# Work item
All of the data is to be written out again exactly, without the pictures.

# Information shown
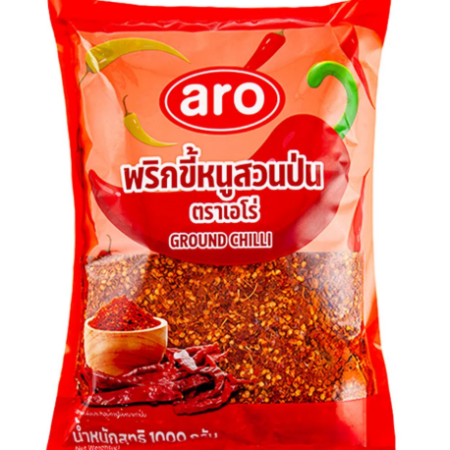 เอโร่ พริกขี้หนูสวนป่น 1 กก.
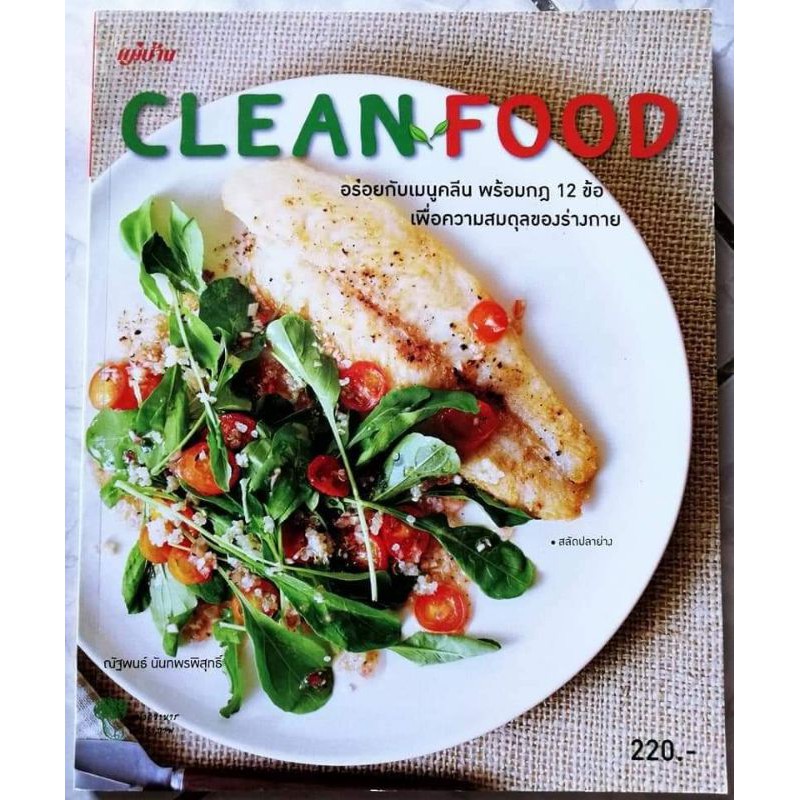 หนังสือ-clean-food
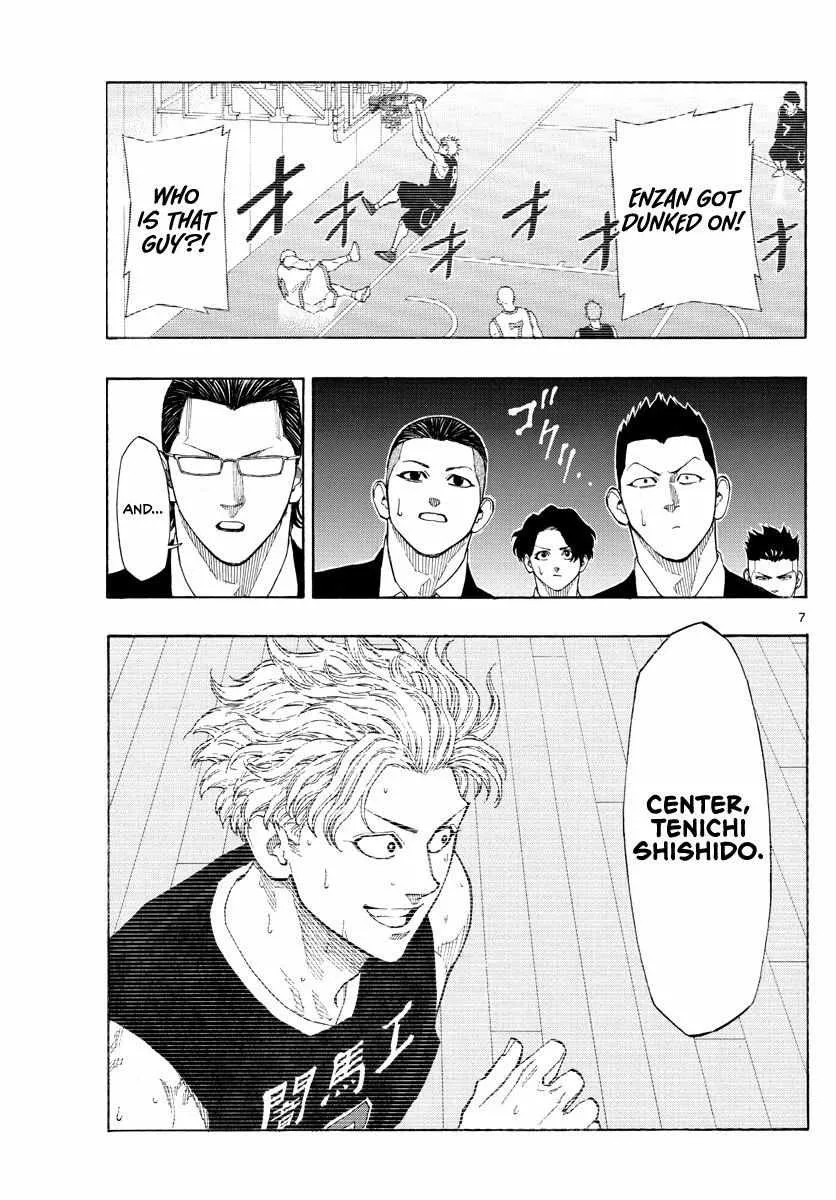 Switch (namikiri Atsushi) Chapter 71 page 8 -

# Response
 เอโร่ พริกขี้หนูสวนป่น 1 กก.
 หนังสือ-clean-food
 Switch (namikiri Atsushi) Chapter 71 page 8 -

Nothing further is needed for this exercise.